Et cela que le score soit de 2 ou de 3 millions de voix pour l'ensemble de l'extrême-gauche.
Ce n'est pas le score électoral qui met à l'ordre du jour et rend
concrètement possible la construction par les travailleurs eux-mêmes
d'un parti, mais le changement de période dans lequel nous sommes. Le
score électoral n'est qu'une manifestation déformée, qu'il
faudra analyser en son temps, de ces évolutions objectives et subjectives.
Inverser le raisonnement relève de ce que nos prédécesseurs
appelaient le " crétinisme parlementaire ", prendre
la projection parlementaire, électorale, des problèmes pour les
problèmes eux-mêmes.
" On saura alors s'il est peut-être possible de construire un
nouveau parti communiste
" poursuit Arlette Laguiller.
Non, c'est dès maintenant, dans le cours même de la campagne, qu'il
faut dire ce que l'on veut faire. Le raisonnement de LO est prisonnier d'une
compréhension mécanique des choses, parce qu'elle est prisonnière
d'une méthode de construction par en haut.
C'est pourquoi au lieu d'appeler ceux qui viennent à ses meetings à
prendre eux-mêmes en main la construction de leur propre organisation,
LO prend les couleurs d'un nouveau parti communiste qui ressemblerait à
l'ancien quand
C'est cette logique de la construction par en haut qui explique la personnalisation
outrancière de la campagne d'Arlette Laguiller. Tout est ramené
à elle.
Parlant du parti, elle dit " je ne peux pas le créer, contrairement
à ce que disent certains, d'un simple appel à la télévision
". Arlette Laguiller discute avec elle-même ! Qui pourrait sérieusement
penser ça ?
Puis elle ajoute " Un tel parti, cela veut dire, je le répète,
plusieurs milliers de personne qui y adhérent. Plus mon score sera élevé,
plus il y aura de chance que, parmi ceux qui auront voté pour ma candidature
il s'en trouve 30, 40, 50 000 qui adhérent à une telle idée
et à un tel parti.
Ce n'est pas une prévision, c'est un espoir. "

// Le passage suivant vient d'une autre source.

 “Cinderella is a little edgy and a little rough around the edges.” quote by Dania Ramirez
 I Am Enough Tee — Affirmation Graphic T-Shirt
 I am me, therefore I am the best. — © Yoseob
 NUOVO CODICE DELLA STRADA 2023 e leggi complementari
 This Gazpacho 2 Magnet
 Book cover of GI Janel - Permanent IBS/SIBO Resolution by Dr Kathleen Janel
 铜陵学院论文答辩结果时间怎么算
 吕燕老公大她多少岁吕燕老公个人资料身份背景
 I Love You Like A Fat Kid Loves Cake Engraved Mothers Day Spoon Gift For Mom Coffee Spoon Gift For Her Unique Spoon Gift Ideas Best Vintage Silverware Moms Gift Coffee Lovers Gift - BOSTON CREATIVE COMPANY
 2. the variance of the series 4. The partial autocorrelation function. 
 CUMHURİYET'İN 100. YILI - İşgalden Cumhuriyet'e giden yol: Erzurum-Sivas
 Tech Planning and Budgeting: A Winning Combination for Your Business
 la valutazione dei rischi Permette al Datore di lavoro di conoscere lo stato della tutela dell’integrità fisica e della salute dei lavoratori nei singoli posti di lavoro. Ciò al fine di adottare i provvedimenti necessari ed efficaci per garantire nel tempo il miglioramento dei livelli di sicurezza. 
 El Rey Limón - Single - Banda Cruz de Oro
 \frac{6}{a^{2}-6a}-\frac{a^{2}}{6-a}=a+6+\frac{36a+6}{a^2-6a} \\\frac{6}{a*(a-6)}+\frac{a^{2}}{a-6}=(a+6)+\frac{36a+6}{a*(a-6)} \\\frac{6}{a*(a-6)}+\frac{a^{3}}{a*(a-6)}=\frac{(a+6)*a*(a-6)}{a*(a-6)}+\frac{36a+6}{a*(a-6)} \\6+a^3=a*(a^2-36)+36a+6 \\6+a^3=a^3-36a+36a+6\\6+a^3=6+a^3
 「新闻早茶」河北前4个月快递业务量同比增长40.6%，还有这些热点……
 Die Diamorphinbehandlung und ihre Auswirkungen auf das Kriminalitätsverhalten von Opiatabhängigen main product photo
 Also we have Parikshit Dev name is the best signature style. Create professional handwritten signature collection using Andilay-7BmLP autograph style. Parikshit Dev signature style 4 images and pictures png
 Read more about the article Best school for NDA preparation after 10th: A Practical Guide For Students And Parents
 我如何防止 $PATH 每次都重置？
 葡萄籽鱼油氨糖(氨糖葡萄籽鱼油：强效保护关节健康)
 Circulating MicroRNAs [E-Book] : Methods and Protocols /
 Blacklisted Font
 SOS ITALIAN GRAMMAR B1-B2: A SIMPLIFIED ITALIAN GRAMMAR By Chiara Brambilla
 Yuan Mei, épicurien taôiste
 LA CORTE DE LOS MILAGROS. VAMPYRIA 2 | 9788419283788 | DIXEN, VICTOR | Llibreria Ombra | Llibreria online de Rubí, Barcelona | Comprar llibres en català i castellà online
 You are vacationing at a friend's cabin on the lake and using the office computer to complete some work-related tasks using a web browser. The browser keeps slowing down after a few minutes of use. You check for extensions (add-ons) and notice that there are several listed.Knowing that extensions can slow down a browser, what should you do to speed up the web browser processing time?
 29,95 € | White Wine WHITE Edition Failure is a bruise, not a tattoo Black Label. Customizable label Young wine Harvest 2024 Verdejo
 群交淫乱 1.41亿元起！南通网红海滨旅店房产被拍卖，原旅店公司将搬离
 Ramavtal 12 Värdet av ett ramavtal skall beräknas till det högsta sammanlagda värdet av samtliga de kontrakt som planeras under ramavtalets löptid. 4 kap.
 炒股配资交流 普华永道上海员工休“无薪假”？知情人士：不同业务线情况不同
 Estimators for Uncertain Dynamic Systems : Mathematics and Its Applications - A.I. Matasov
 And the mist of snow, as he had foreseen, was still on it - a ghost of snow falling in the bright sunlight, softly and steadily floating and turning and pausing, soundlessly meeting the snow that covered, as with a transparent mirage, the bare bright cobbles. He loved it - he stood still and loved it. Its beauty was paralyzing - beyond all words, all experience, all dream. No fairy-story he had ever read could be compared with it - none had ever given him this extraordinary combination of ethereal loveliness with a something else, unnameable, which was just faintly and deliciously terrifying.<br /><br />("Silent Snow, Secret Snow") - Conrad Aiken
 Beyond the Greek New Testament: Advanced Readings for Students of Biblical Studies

A défaut de politique reste l'espoir
d'un miracle !
La direction de LO sème l'espoir, parce qu'elle sait bien que LO elle-même
ne peut se construire que par les efforts des militants eux-mêmes, de
leur travail. Elle leur donne l'espoir pour militer au lieu de formuler une
politique qui les arme.
La direction de LO ne discute pas des initiatives qu'elle pourrait prendre,
initiatives politiques, à partir d'une analyse des forces concrètes,
des alliés potentiels au sein du mouvement révolutionnaire ou
social mais agite le mythe du " grand parti des travailleurs ",
formule incantatoire.
La réalité concrète finira bien par s'imposer d'autant
que le débat est public, il se mène dans la confrontation des
idées et des politiques, des paroles et des actes.